Incident
|
#41 at
Amazon Web Services on
2020/11/25
|
Full report
|
https://aws.amazon.com/message/11201/
|
How it happened
|
New servers were added to the front-end fleet in one region, increasing the number operating system threads used in each of the new and existing front-end server, exceeding the thread limit. Then a wide variety of errors began being reported in the logs and operations began failing.
|
Architecture
|
A streaming service (Kinesis) with front-end servers for routing requests and back-end server clusters for processing streams. Routing is based on a sharding strategy, with the shard-map cached by front-end servers.

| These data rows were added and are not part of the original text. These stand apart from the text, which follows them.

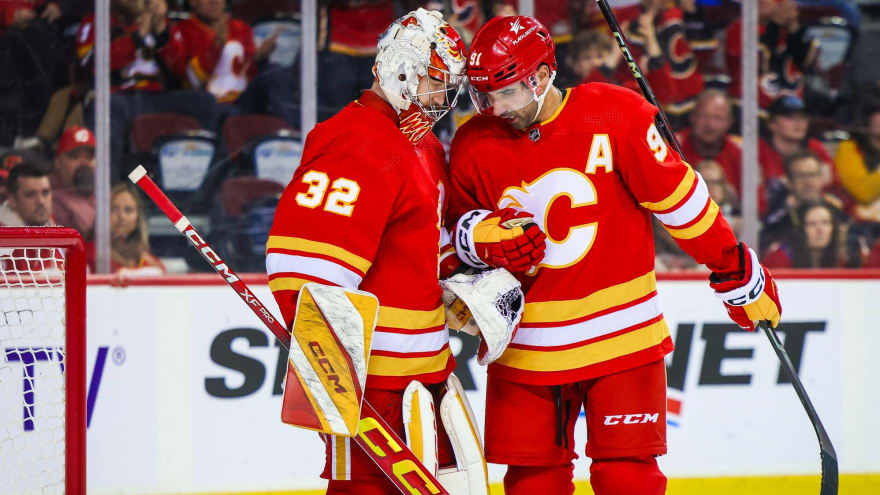 The Calgary Flames closed out the 2023-24 season with a night full of milestones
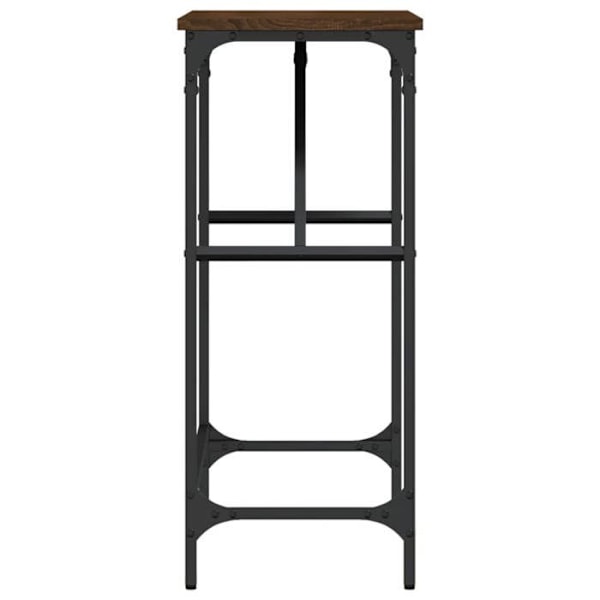 Funktionsdygtig indgangsbordskonsole i stil 75 x 32 x 75 cm af ingeniørtræ og metal DEC031881 kastanj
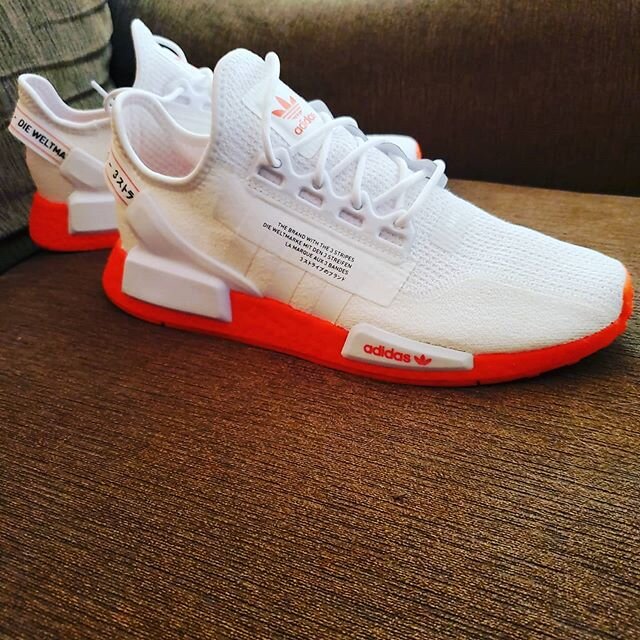 These dreamsicle NMD's are killer. #addidas #nmd #crisp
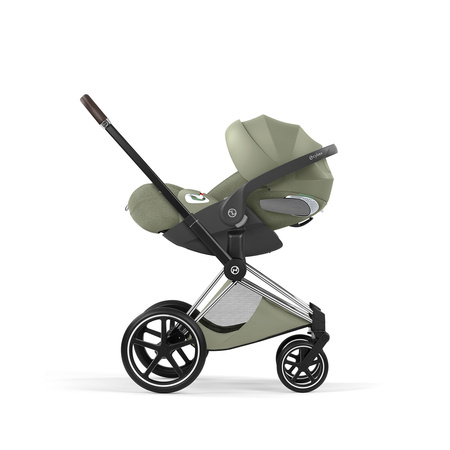 Cybex Priam 5.0 Chrome Brown Sage Green zestaw 3w1 z fotelikiem Cloud T i-Size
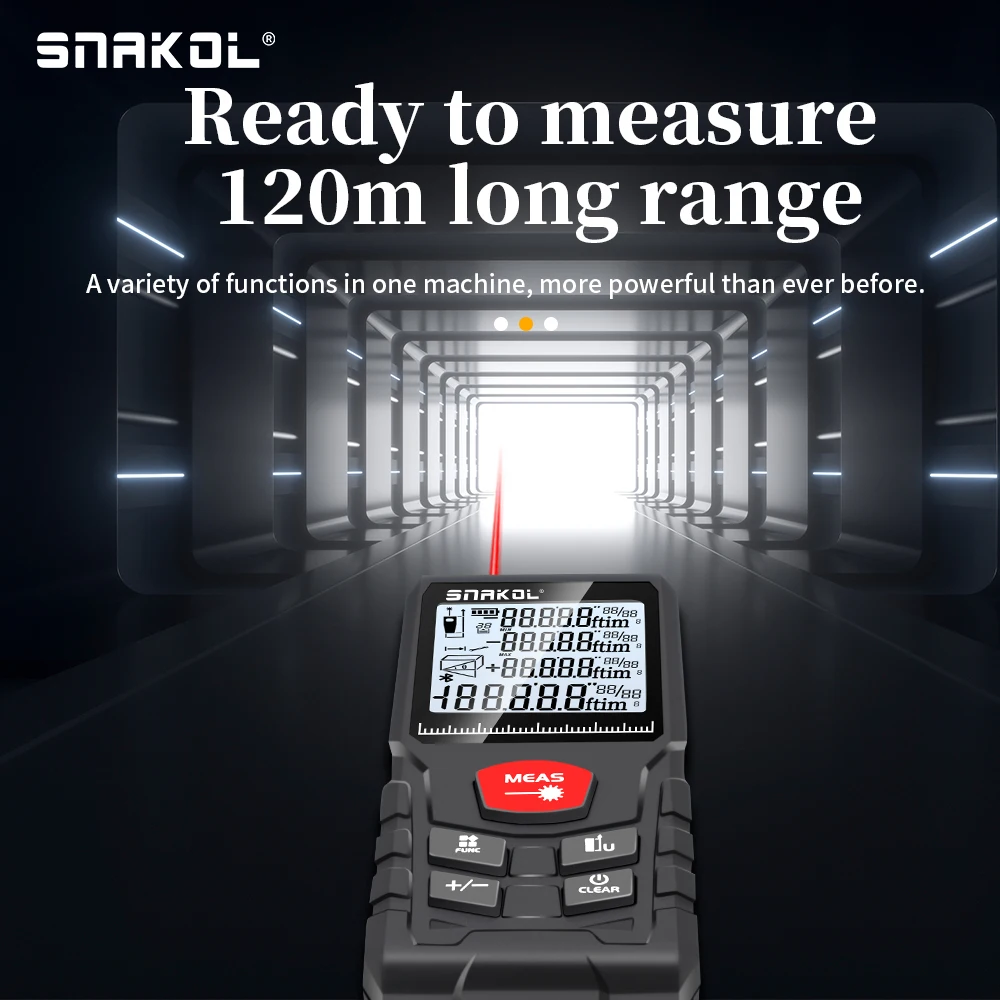 SNAKOL SK-120 デジタルレーザー距離計 50m/ - Stanley Tape 25Ft のレビューと価格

Communication between front-end servers uses one operating system thread per other server.
|
Technologies
|
Amazon Kinesis
|
Root cause
|
New capacity caused all front-end servers to exceed maximum number of allowed operating system threads. 6
|
Failure
|
Cache construction failed on front-end servers (leading to an out of date shard-map) and routing failed. 6
|
Impact
|
Service outage in one region; errors and failures in dependent services (Cognito, CloudWatch, AutoScaling and Lambda).
|
Mitigation
|
Eliminated the additional capacity; made a configuration change to front-end servers to get data from authoritative metadata store rather than from peer servers (to avoid servers being judged as unhealthy during startup); multi-hour restart of front-end.
|